Il pomeriggio, dalle 15 alle 18, sarà dedicato alla sessione “Oltre la sostanza. Cittadinanza, istituzioni e risorse territoriali per il recupero e l’inclusione”.

Al centro ci saranno i servizi territoriali di contrasto alle dipendenze e il welfare di comunità, con un focus sulle esperienze e sulle prospettive dei distretti D50 Trapani e D55 Alcamo.
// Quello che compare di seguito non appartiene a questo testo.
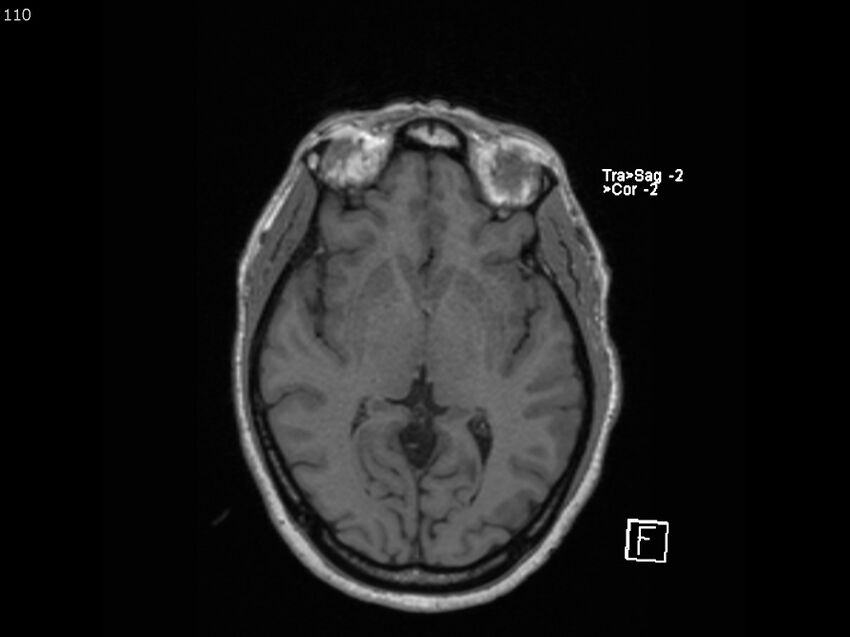 Atypical meningioma - intraosseous (Radiopaedia 64915-74572 Axial T1 110).jpg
La seconda parte del convegno allargherà il confronto alle famiglie e alle associazioni del territorio. Si parlerà di prevenzione, prossimità, reti di tutela, strumenti di accompagnamento e percorsi di inclusione per le persone in fase additiva.

Famiglie, scuola e istituzioni

“Una giornata che ha l’obiettivo di sensibilizzare la comunità sul problema delle dipendenze: una realtà difficile che vivono molte famiglie e tanti giovani alle prese con problematiche legate non solo alla tossicodipendenza, ma anche alle cosiddette dipendenze comportamentali, come il gioco d’azzardo patologico, la dipendenza dai videogiochi”, dichiara l’assessore ai servizi alla persona Baldo Mancuso.

“Un ragazzo che sperimenta la dipendenza va supportato attraverso la collaborazione in rete delle famiglie, della scuola, dei servizi socio-sanitari e di tutte le istituzioni coinvolte”, aggiunge Mancuso.

Il punto è proprio questo: la dipendenza non riguarda soltanto la dimensione sanitaria. Interroga la famiglia, la scuola, la giustizia, i servizi sociali, il mondo associativo e le comunità locali.

I promotori e il patrocinio

L’evento nasce dalla collaborazione tra istituzioni giudiziarie, sanitarie, sociali e universitarie.

Il convegno ha il patrocinio del Comitato dei sindaci del Distretto socio-sanitario n. 55, che comprende Alcamo, Castellammare del Golfo e Calatafimi Segesta.

L’appuntamento è fissato per venerdì 26 giugno, dalle 9 alle 18, al Polo Territoriale Universitario di Trapani, in lungomare Dante Alighieri 2/4.